I would guess that Fermat's last theorem is in fact undecidable using 1st order integer axioms (i.e. there is a counterexample in some non-standard model of the integers), but we accept the proof (which uses real numbers) because it applies to the 'true' integers.
 
  • #53
DrMatrix said:
I'm pretty sure that we cannot prove that the reals are consistent.

This was my question that opened this thread. As far as I understand the axiomatic system of the Real numbers are consistent. I am trying to understand how Godel's Incompleteness theorem does not work for the reals.

I am accepting that the Reals have been proved consistent.
 
  • #54
chronon said:
The set of integers sitting inside the reals is not definable using 1st order constructs.
Yes. These only appear to our minds as the set of integers. Perhaps the minds of mathematicians on the third planet of Sirius, would not see there to be the connection we find hard to resist, and might use entirely different symbols for these different numbers.


They are not a 'special' type of number recognisable within the axiomatisation of Real numbers. Special properties of the system of the integers - such as the fundamental theorem of arithmetic or that every number has a unique successor - are not defineable over the Reals.

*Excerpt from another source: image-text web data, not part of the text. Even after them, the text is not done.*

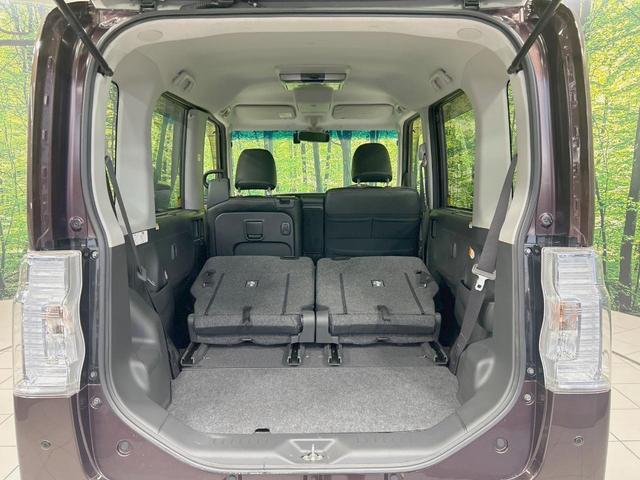 タント カスタムX トップエディションSAII 後席モニター 純正8型ナビ 衝突軽減 禁煙車 バックカメラ パワースライドドア LEDヘッド/フォグ ETC ドラレコ Bluetooth フルセグ スマートキー オートエアコン アイドリングストップ(10枚目)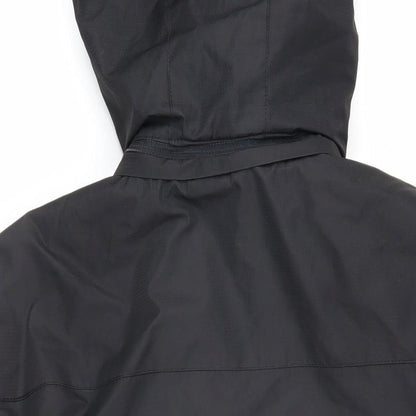 Mens UK Size M Outdoor Sport Black Jacket
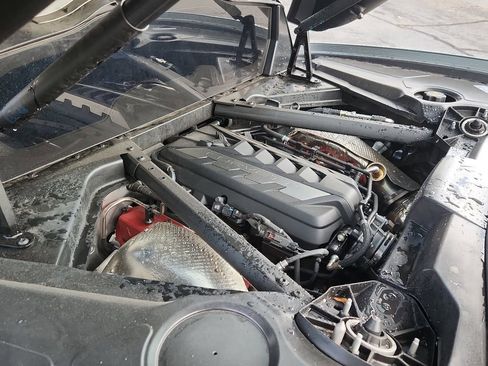 Used 2024 Chevrolet Corvette Stingray Coupe w/ LPO, Roadside Safety Package image 10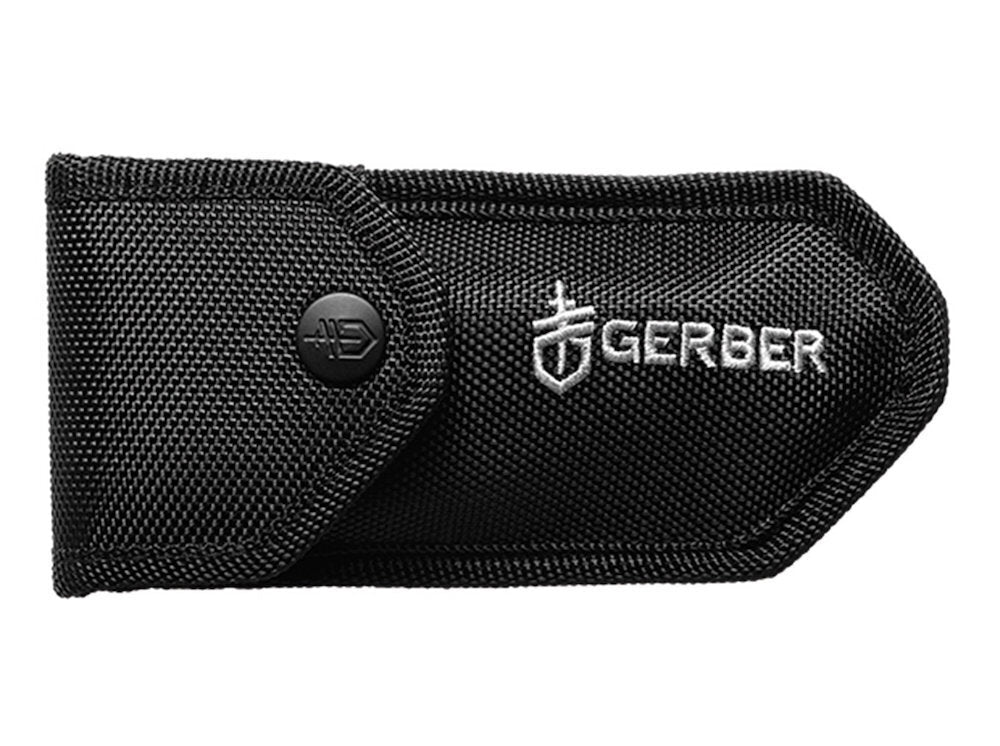 Gerber - Moment Folder Drop Point W/Sheath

The Real numbers 1, 2, 3...

may appear to be integers but they are not - they are entirely different objects. They appear that way to our minds, but mathematically they are different mathematical objects with different mathematical properties.

I love the insight :


chronon said:
I would guess that Fermat's last theorem is in fact undecidable using 1st order integer axioms (i.e. there is a counterexample in some non-standard model of the integers), but we accept the proof (which uses real numbers) because it applies to the 'true' integers.
I have only read the account of the proof in Simon Singh's book. This has a short section on Godel and undecidability, but he does not delve far into this, indeed he rather unfortunately parallels undecidability (in Godel's sense) with Heisenberg Uncertainty in quantum mechanics. It is because of ideas like this that I am trying to sort out in my mind the nature and scope of Godel's Incompleteness theorem. If it cannot be applied to the Reals, then the statement

undecidability ~ quantum uncertainty

or a variant on this is exposed as merely a kind of philosophical nonsense resulting from a failure to understand the nature of Godel's Incompleteness.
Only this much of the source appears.